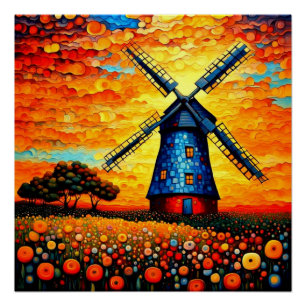 Windmolen bij zonsondergang 2 perfect poster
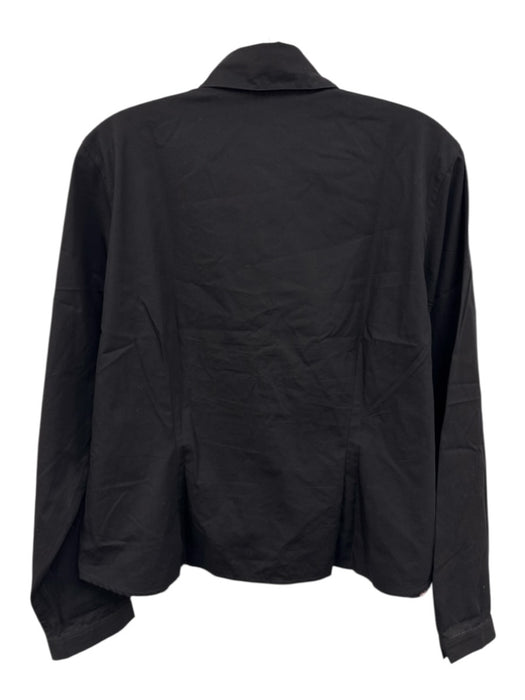 Anne Fontaine Size Est L Black & Multi Cotton Blend Button Front Collar Top Black & Multi / Est L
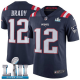 Youth Nike NFL New England Patriots #12 Tom Brady Limited Navy Blue Rush Vapor Untouchable Super Bowl LII Jersey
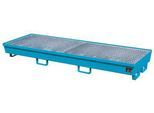 Auffangwanne BAUER AM-4/B, mit Gitterrost, Stahl, 233 l, B 2400 x T 800 x H 285 mm, blau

##########

▸ **BRIEF**
Copy the whole of the material above exactly, but not its images.

▸ **RESPONSE**
 Windmolen bij zonsondergang 2 perfect poster
 Anne Fontaine Size Est L Black & Multi Cotton Blend Button Front Collar Top Black & Multi / Est L
 Youth Nike NFL New England Patriots #12 Tom Brady Limited Navy Blue Rush Vapor Untouchable Super Bowl LII Jersey
 Auffangwanne BAUER AM-4/B, mit Gitterrost, Stahl, 233 l, B 2400 x T 800 x H 285 mm, blau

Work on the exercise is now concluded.